Wie gelingt gute frühe Bildung in herausfordernden Zeiten? Die deutschen Ergebnisse der OECD-Studie TALIS Starting Strong wurden am 4. Dezember 2025 vorgestellt. Sie zeigen, wo die frühe Bildung in Deutschland besonders stark ist – und wo es noch Luft nach oben gibt.
Wie sieht der Alltag in der frühen Bildung aus? Wie steht es um die Arbeitsbedingungen für das Personal – und seine Qualifizierung? In Zeiten von Fachkräftemangel und steigenden Anforderungen steht die frühkindliche Bildung vor zahlreichen Herausforderungen. Mit der nun veröffentlichten Studie liefert die Organisation für wirtschaftliche Entwicklung und Zusammenarbeit (OECD) unter dem Titel „Building Strong Early Childhood Education and Care Systems“ eine umfassende internationale Bestandsaufnahme. An der Erhebung nahmen Fach- und Leitungskräfte aus 17 Ländern teil – insgesamt wurden über 25.000 Personen befragt.

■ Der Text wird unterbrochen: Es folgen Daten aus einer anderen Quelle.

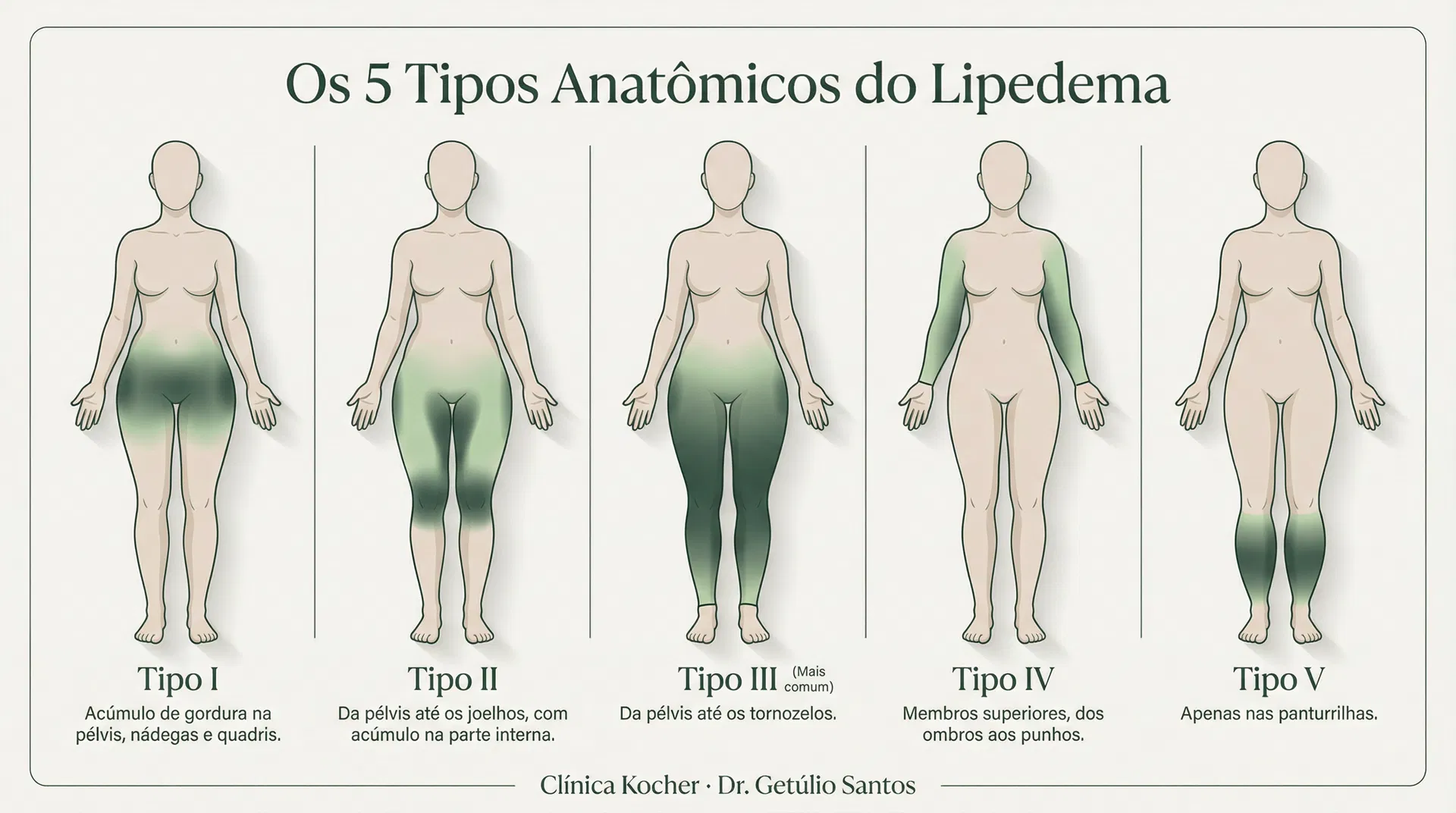 Infográfico dos 5 tipos anatômicos do lipedema mostrando silhuetas femininas com as áreas afetadas destacadas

Hoher Bildungsanspruch und große Engpässe
Die deutschen Ergebnisse zeigen: Die direkte Interaktion mit Kindern hat hierzulande einen besonders hohen Stellenwert. In vielen Einrichtungen entfallen darauf mehr als 85 Prozent der Arbeitszeit von pädagogischen Fachkräften. Reflexionen, Absprachen und Einblicke in andere Gruppen sind für viele selbstverständlicher Teil des Arbeitsalltags. Das belegt das ausgeprägte professionelle Selbstverständnis und den hohen Bildungsanspruch der Fachkräfte – und zwar sowohl bei Kindern von null bis drei Jahren als auch bei Kindern über drei Jahren.
Die Studie zeigt jedoch auch strukturelle Engpässe auf: Eine geringe Personalausstattung, Engpässe und Ausfälle und die daraus resultierende hohe Belastung für die Beschäftigten gehören zu den größten Herausforderungen. Außerdem besteht Weiterbildungsbedarf: etwa im Bereich Inklusion, bei der Sprachförderung oder der Arbeit mit Kindern mit nichtdeutscher Familiensprache.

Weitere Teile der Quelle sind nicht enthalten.